▶ _DATASET_
▬▬▬

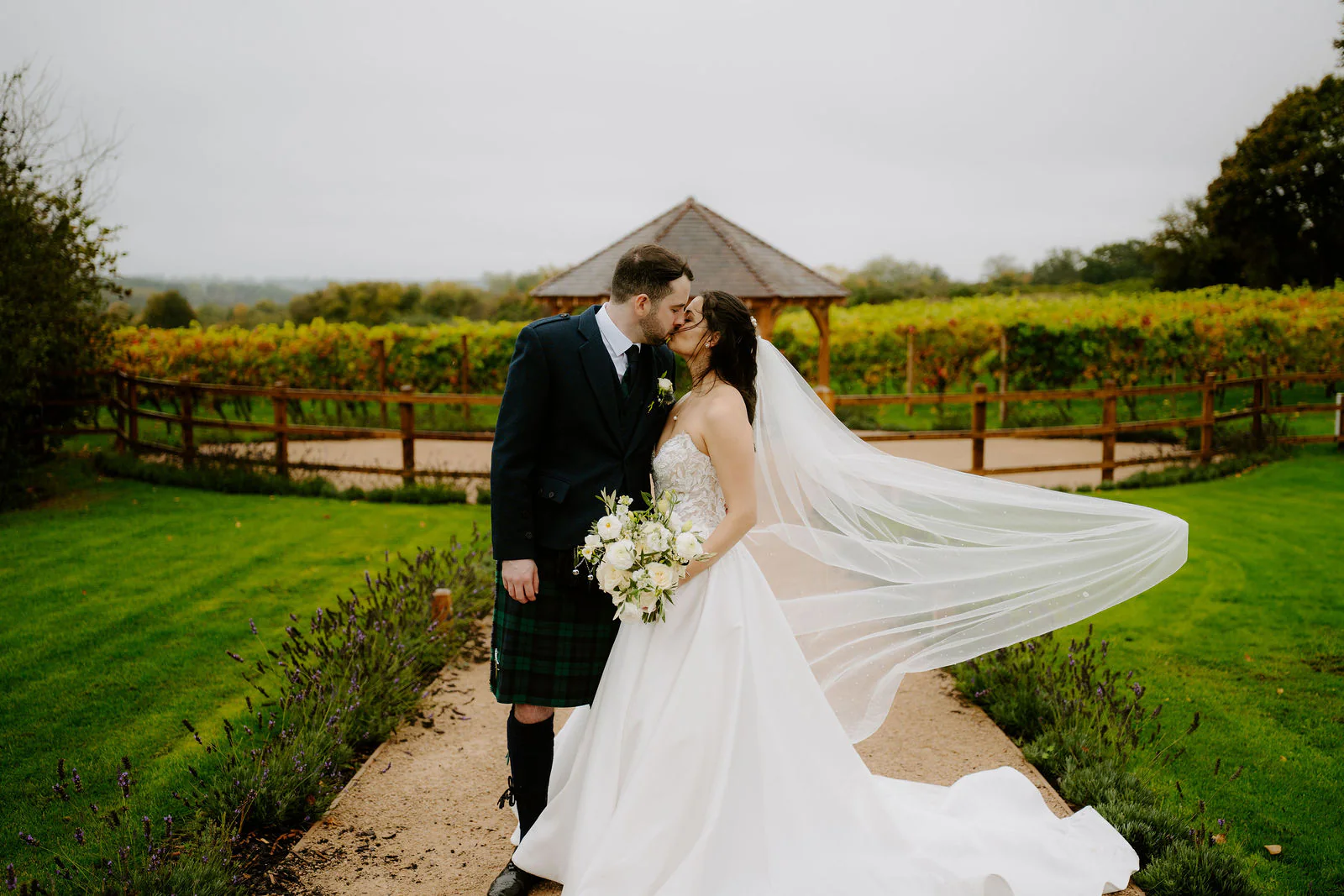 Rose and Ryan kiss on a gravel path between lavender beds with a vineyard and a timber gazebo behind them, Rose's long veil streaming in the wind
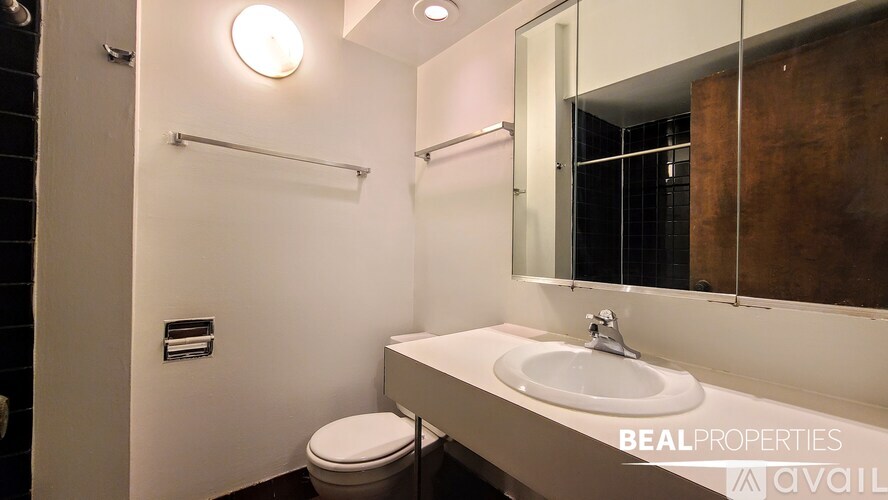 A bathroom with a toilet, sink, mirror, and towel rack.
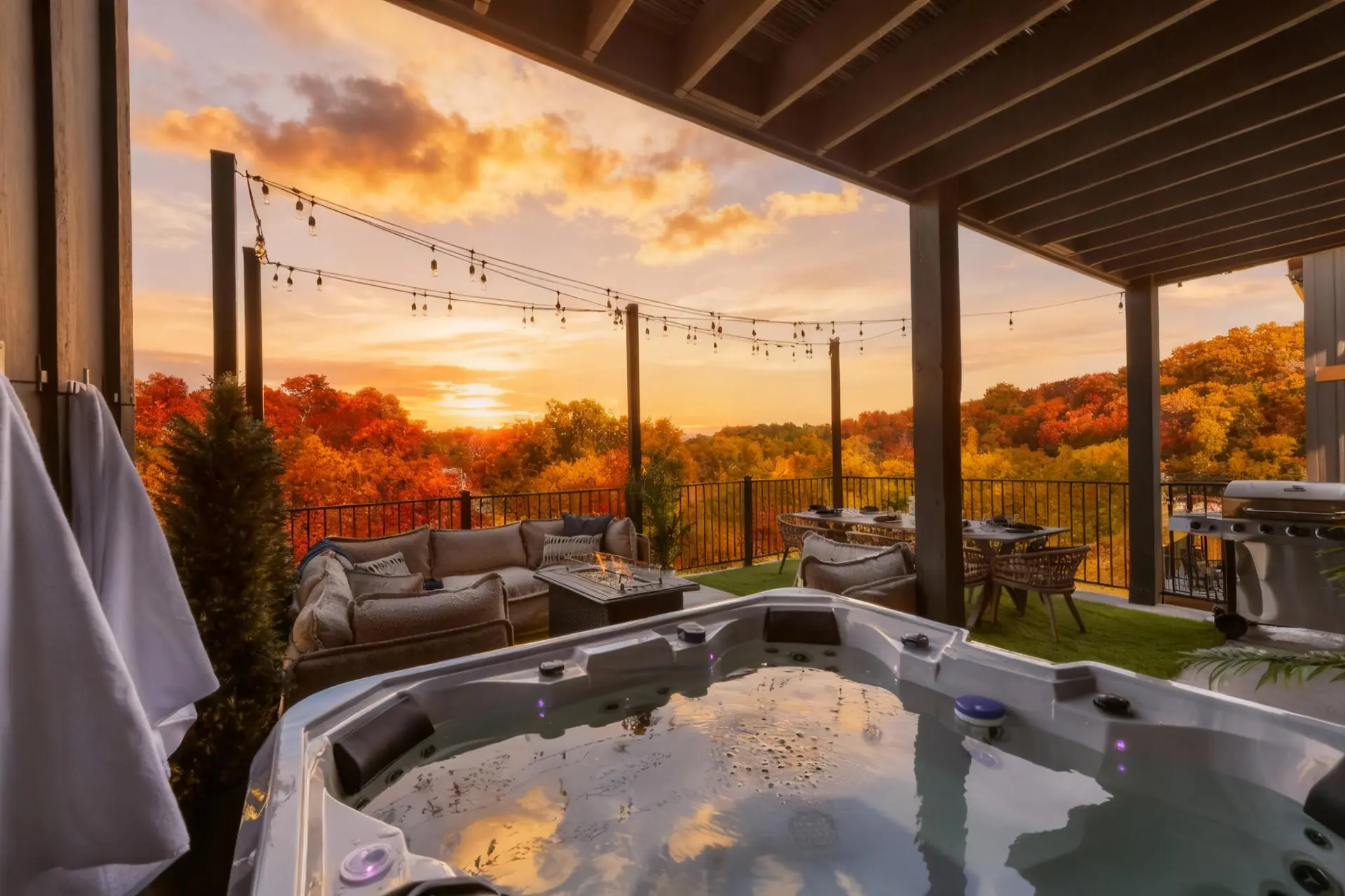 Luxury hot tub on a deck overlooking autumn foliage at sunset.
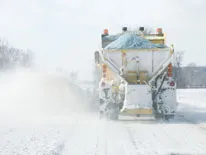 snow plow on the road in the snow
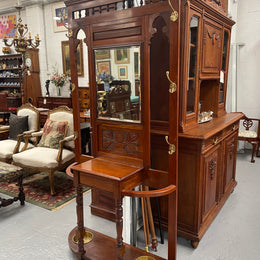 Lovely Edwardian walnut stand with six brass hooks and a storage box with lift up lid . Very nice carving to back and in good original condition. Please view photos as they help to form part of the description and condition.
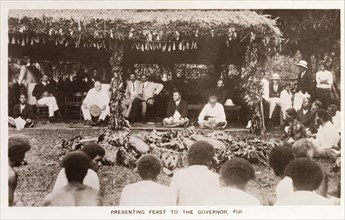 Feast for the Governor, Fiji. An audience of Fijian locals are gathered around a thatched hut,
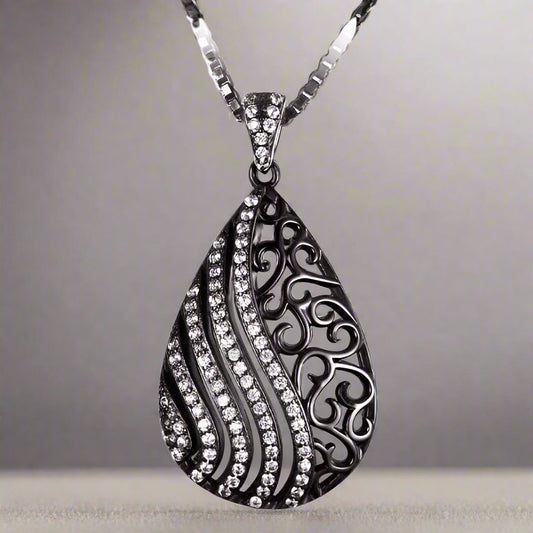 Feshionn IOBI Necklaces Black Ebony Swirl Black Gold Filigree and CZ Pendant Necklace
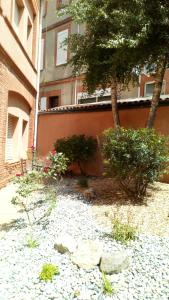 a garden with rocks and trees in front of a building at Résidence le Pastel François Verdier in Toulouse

▬▬▬

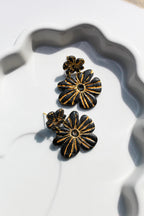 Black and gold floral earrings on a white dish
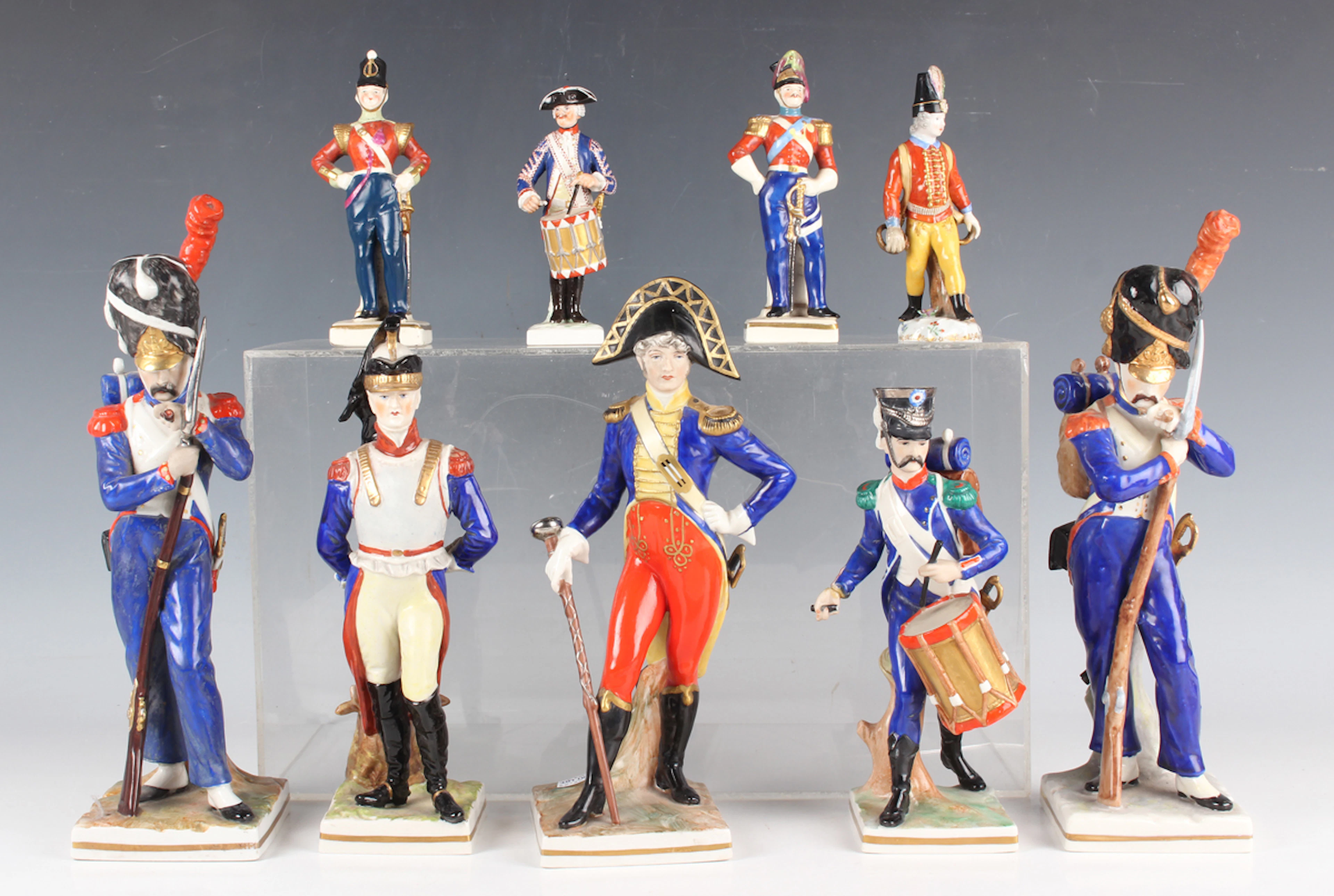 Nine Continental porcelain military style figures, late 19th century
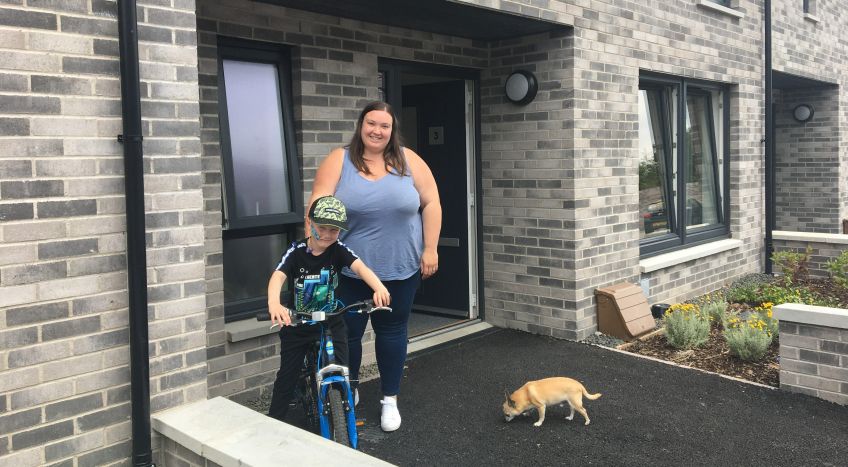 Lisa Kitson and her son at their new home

▬▬▬

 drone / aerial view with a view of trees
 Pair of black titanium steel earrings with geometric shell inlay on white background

▬▬▬

▶ _TASK OBJECTIVE_
Leave out every picture, and copy exactly the lines above starting at the one holding "Rose and Ryan" and ending at the one holding "a garden with", no more and no less.

▶ _ANSWER SPACE_
 Rose and Ryan kiss on a gravel path between lavender beds with a vineyard and a timber gazebo behind them, Rose's long veil streaming in the wind
 A bathroom with a toilet, sink, mirror, and towel rack.
 Luxury hot tub on a deck overlooking autumn foliage at sunset.
 snow plow on the road in the snow
 Lovely Edwardian walnut stand with six brass hooks and a storage box with lift up lid . Very nice carving to back and in good original condition. Please view photos as they help to form part of the description and condition.
 Feast for the Governor, Fiji. An audience of Fijian locals are gathered around a thatched hut,
 Feshionn IOBI Necklaces Black Ebony Swirl Black Gold Filigree and CZ Pendant Necklace
 a garden with rocks and trees in front of a building at Résidence le Pastel François Verdier in Toulouse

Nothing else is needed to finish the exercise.